When the Gloves Come Off

Wednesday, March 31, 2004

  • Conservative Leader Stephen Harper

    Conservative Leader Stephen Harper

Written by Kyle Lambert

When the members of the Conservative Party decided to elect Stephen Harper on the first ballot at their recent leadership conference, the party immediately attempted to display itself as a renewed group. Efforts were made right away to show that Harper’s election wasn’t the final sign of a Reform takeover of the so-called Progressive Conservative Party. Unfortunately for the Reformers, many are starting to see the Conservative Party for what it really is and should be called – Republican Lite.

The classic PC candidate, Frank Stronach’s daughter, failed to demonstrate the political savvy or necessary language skills to defeat the reigning Martinites in a federal election. Not even the megabucks and rhetoric of the Fraser Institute clan could save Stronach from the Reform juggernaut. Despite having the open support of Mulroney, Harris, Manning, and Klein, Frank’s daughter was unable to smile her way into the oil-soaked hearts of the Alberta Reformers.

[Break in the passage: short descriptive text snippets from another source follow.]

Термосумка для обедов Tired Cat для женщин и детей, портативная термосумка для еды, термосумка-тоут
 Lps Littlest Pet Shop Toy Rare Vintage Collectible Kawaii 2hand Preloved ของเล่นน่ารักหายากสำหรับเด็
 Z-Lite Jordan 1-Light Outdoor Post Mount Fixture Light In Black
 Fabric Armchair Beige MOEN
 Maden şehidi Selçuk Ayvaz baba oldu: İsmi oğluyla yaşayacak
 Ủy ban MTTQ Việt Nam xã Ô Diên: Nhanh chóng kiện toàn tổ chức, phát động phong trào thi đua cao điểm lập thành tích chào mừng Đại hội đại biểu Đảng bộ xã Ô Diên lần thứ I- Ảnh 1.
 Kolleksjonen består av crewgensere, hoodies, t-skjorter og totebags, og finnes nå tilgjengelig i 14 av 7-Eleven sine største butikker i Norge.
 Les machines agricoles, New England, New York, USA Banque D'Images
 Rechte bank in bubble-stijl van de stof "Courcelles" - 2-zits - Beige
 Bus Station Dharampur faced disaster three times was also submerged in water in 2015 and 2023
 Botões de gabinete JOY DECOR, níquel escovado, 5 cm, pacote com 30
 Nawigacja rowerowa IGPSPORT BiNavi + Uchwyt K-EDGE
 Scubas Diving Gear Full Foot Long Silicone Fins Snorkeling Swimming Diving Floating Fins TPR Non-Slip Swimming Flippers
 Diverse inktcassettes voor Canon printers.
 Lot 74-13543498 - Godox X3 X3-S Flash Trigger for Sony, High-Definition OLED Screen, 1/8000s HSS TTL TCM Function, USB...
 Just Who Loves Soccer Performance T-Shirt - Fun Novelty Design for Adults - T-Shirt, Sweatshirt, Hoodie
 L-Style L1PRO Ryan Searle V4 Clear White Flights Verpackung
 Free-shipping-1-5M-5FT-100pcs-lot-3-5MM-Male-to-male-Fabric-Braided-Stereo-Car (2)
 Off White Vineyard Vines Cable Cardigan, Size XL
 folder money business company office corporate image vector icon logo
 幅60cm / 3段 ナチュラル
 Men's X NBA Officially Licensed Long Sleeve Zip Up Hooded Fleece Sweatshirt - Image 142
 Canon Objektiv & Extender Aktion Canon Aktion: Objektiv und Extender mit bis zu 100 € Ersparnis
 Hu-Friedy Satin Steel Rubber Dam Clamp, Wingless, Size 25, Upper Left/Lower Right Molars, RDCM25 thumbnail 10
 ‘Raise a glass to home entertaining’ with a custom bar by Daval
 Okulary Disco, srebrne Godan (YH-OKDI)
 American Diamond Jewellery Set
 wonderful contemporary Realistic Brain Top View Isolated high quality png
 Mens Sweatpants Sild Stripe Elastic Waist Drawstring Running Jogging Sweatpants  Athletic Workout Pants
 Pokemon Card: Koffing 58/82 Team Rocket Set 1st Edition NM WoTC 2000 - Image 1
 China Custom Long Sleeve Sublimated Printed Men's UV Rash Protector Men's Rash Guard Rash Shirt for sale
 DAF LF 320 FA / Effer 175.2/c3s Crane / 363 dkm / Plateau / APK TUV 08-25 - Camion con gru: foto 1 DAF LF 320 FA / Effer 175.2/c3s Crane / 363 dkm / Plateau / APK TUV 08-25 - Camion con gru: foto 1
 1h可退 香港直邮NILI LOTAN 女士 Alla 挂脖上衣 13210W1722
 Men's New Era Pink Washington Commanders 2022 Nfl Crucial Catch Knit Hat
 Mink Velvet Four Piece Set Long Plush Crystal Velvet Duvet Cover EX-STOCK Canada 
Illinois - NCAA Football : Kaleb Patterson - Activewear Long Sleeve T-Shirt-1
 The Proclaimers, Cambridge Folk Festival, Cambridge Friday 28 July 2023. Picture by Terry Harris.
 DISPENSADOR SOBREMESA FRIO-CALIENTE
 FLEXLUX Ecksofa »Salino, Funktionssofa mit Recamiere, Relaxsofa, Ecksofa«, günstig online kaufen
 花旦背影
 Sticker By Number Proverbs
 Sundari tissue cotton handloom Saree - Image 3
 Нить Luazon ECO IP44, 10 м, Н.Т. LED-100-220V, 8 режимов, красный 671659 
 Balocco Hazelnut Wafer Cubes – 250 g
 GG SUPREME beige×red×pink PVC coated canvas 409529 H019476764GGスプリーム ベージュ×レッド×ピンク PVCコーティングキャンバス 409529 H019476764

As an aside, am I the only one who is sick and bloody tired of hearing sympathy for Stronach’s daughter because of the way she’s been portrayed by the media? Fact is, Stronach is a lightly-educated and spoon-fed modern aristocrat who seems to suddenly have decided that she can play the political games with the big boys in Ottawa. Give me a freaking break! If this were the United States she would be called George W. Bush.

Now, back to Harper. He certainly isn’t cut from the same cloth as the aforementioned list of Canadian popular neo-conservatives. Harper gains his support more from grass-roots conservatives than from corporate hand-out seekers. That doesn’t mean he’s not more than willing to be bought off by the Alberta oil-lobby, he just seems a little more subtle about it. What worries me, and should worry many others too, is the way Harper drums up his support. He does it by playing to classic stereotypical fears of those who don’t have the time nor the energy to investigate matters of public interest for themselves.

Harper has previously demonstrated as leader of the Canadian Alliance that portraying immigrants as terrorists is a strategy for election. While most don’t like to admit it, there is a deeply-rooted racism which exists in Canada. The politics of fear practiced by Harper’s conservatives will not end this racism, they will only add to it. The Conservative Party will also talk much about hugely increasing military spending so that our soldiers can be equipped with bigger and more advanced weapons. Is this what our military really needs? Personally, I find weapons such as tanks and jets fascinating, but I don’t want to see my money paying for them, not when they will be used in conflicts such as the Iraq war. If Canada was facing a real conventional military threat, then I could understand the proposed spending increases for the military. However, the threats to Canada and other Western countries exist because our armies are too big and wide-spread around the world, not because they aren’t big enough. While purchasing sexy (yes, that’s exactly what it is) new military equipment will satisfy much of the masses, only a complete overhaul of our armed forces will truly fix their numerous problems.

The Conservative Party’s election campaign will contain many ploys to bring Canadians down to the level of the foolish masses that have previously supported that party. Harper will portray himself as a straight-shooter who will end the years of Liberal corruption. All of this will be done through a politics of fear that works so well for another well-known right-wing party…maybe George Dubya himself will even make a Canadian cameo.